Out of boredom, I attempt to generalize the result of line integrals of arbitrary vector field $\vec F:[u(x,y),v(x,y)]$ along a circle $C: x^2+y^2=r^2$, where $u$ and $v$ are scalar functions of $(x,y)$. (You may assume $u$ and $v$ are continuous and differentiable.)

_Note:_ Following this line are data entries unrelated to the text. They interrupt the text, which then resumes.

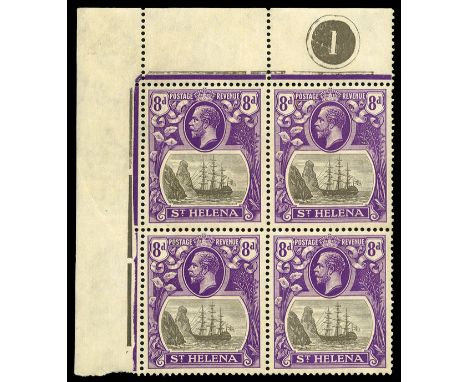 1922-37 Watermark multi script 'CA' 8d grey and bright violet,  upper left corner block of four showing control '1' in top ma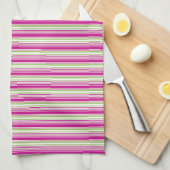 Groene roze en witte streep keuken theedoek (Quarter Fold)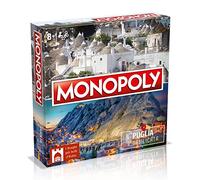 Winning Moves, Les Plus Beaux Villages d'Italie édition Puglia & Basilicate Monopoly, édition Italienne, Jeu Familial, Depuis 8 Ans +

Here is my partial statement:
Let $u(x,y)=\vec p(x)\cdot \vec q(y)=[p_1(x),p_2(x),\cdots,p_n(x)]\cdot[q_1(y),q_2(y),\cdots,q_n(y)]$, where $p_i(x)$ and $q_i(y)$ are scalar function of $x$ and $y$ respectively. Similarly, we denote $v(x,y)=\vec\alpha(x)\cdot\vec\beta(y)$.
Denote $\frac{\partial b}{\partial y}=\beta$.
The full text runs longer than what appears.